Rich or poor, workers win if firms prod them to save
EBRI research director Jack VanDerhei found that 86 percent of low-income people with 401(k) plans are doing what they need to do with those accounts to eventually cover a basic bare-bones retirement. In the highest-income group, 83 percent are on course.
The EBRI think tank used a database of 24 million Americans with 401(k) plans and assumed their saving practices will continue for 30 years. Also, those who appear on course will have only enough for basics like food, housing and heat — nothing extra. To provide that kind of retirement, a person puts away enough over a lifetime of savings in a 401(k) to replace 60 percent of what they were earning annually on the job at age 64.
VanDerhei said Americans with 401(k) plans are doing better in building savings now than they were years ago because after 2006, many employers began to provide target date funds — an easy way for people to invest money without being overly cautious or overly risky based on their age. People choose a fund with the year they will retire in the name. Then fund managers invest a lot in stocks when people are young, and as the person ages, they reduce risks by investing less in stocks and more in bonds.

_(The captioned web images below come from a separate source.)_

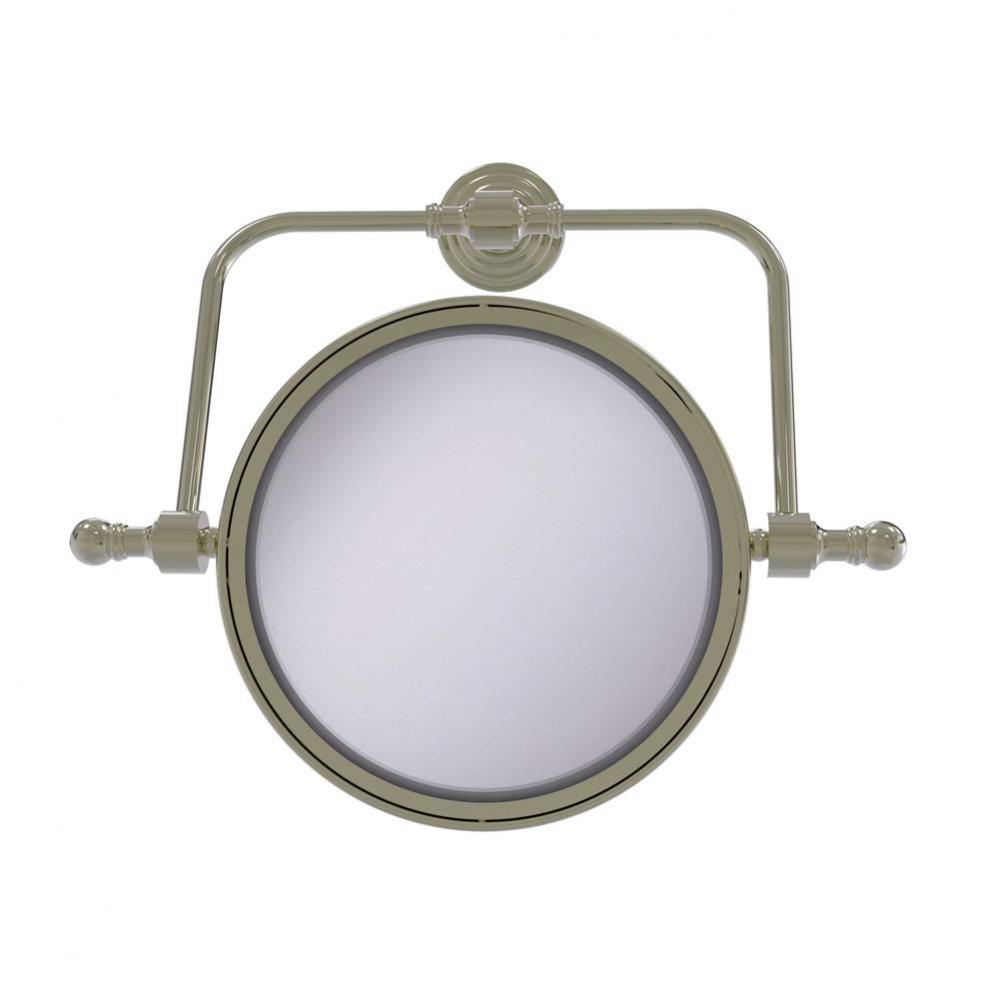 Retro Wave Collection Wall Mounted Swivel Make-Up Mirror 8 Inch Diameter with 4X Magnification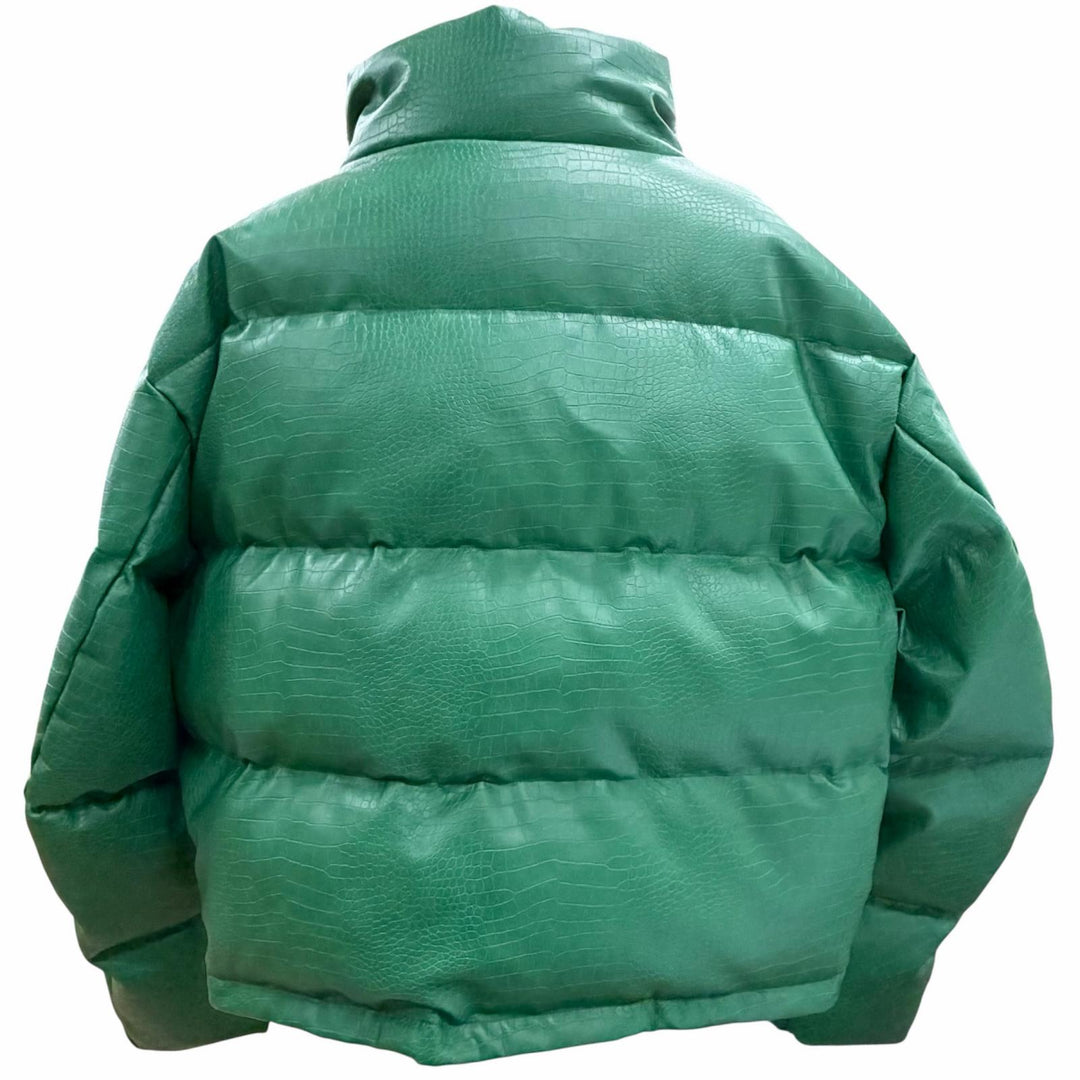 美品▼BREATH ブレス 24AW BR24AW-00009 クロコ型押し エンボスロゴ フェイクレザー ジップアップ ダウンジャケット グリーン XL メンズ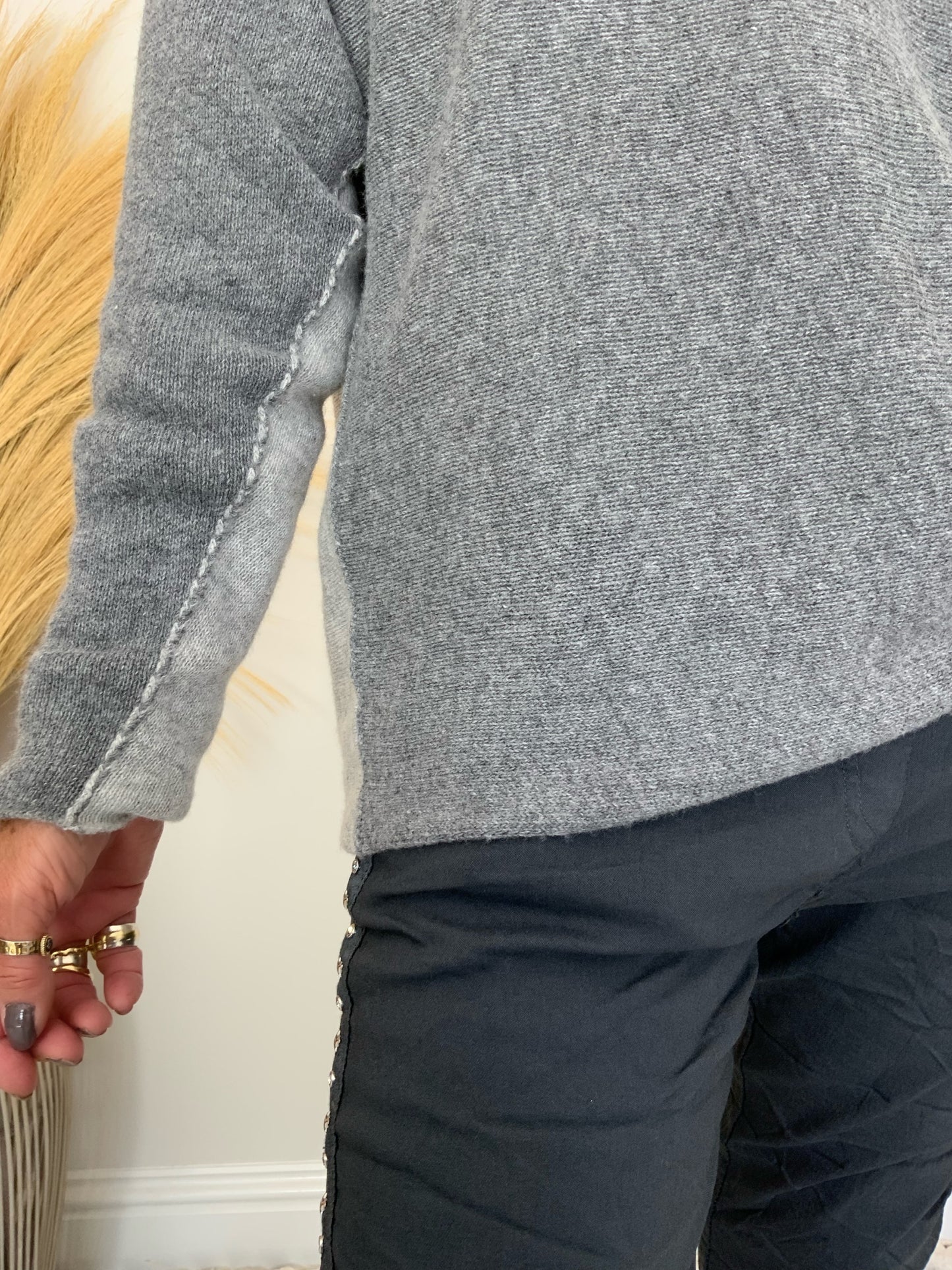 Two-Tone Cashmere Mix Jumper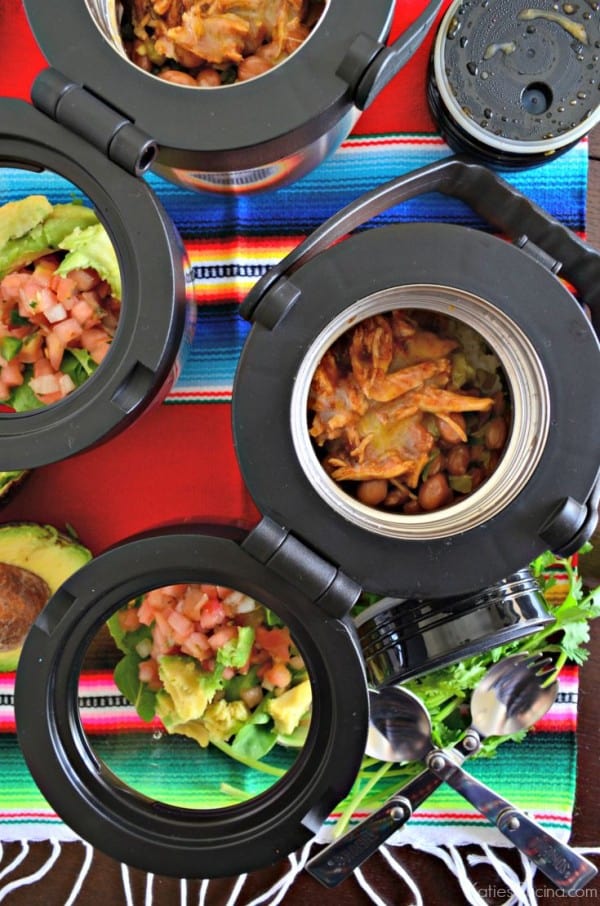 Shredded Chicken Burrito Bowls #SadDeskLunch 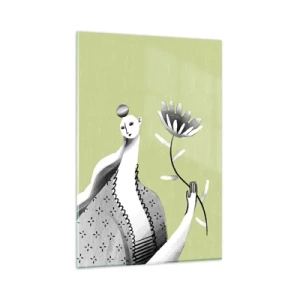 Obraz na skle - Modernistický portrét – držící květinu - 80x120 cm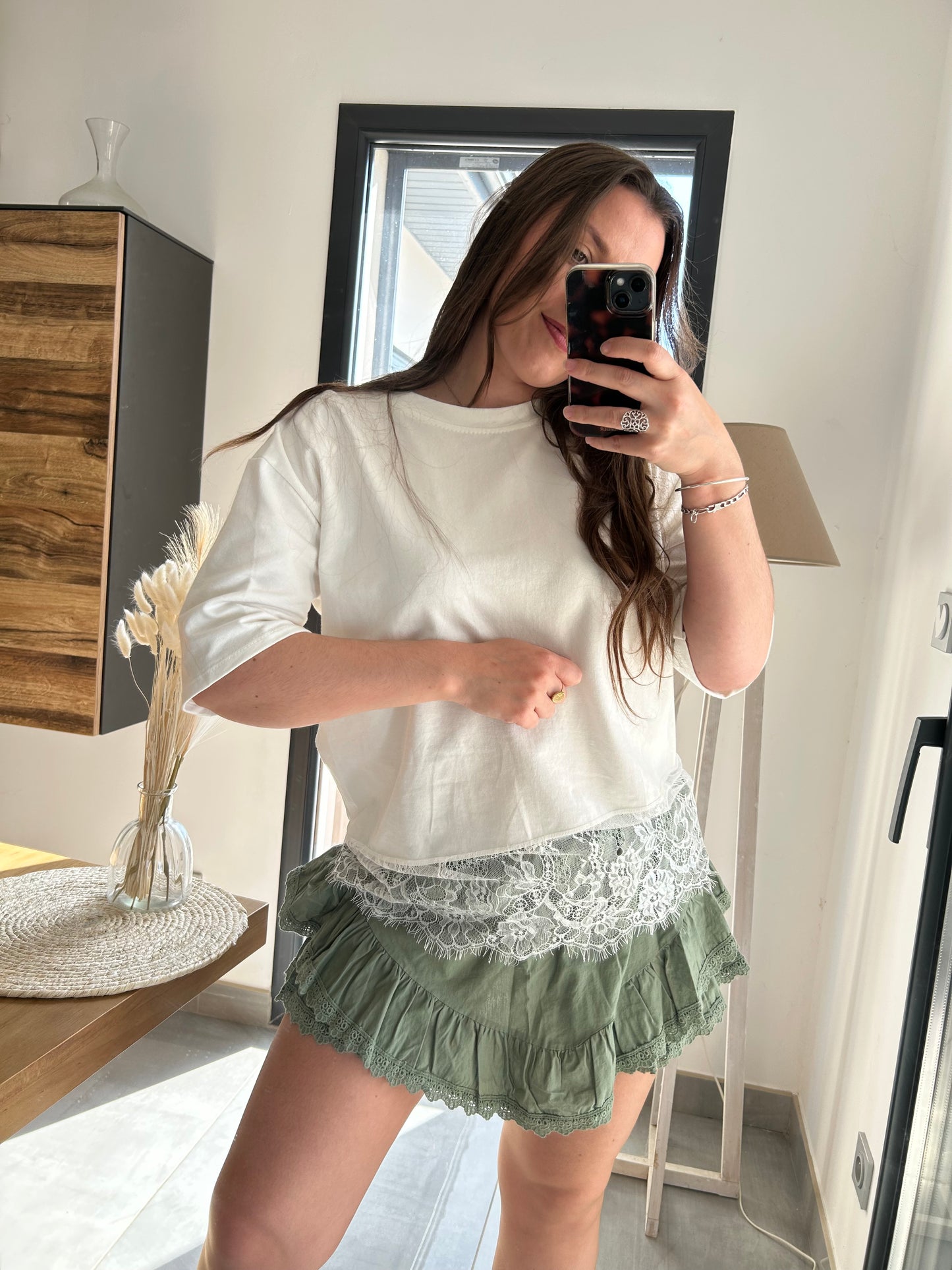 Jupe short Elsa kaki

The people who have been pushed by employers through automatic contributions to 401(k) plans are the best positioned for their future. According to the EBRI research, 94 percent of low-income workers and 88 percent of the highest-income quartile with the activist employers will be able to replace 60 percent of their income in retirement. About 85 percent of lower-income people and 73 percent of higher-income earners will be able to replace 80 percent of their pay in retirement.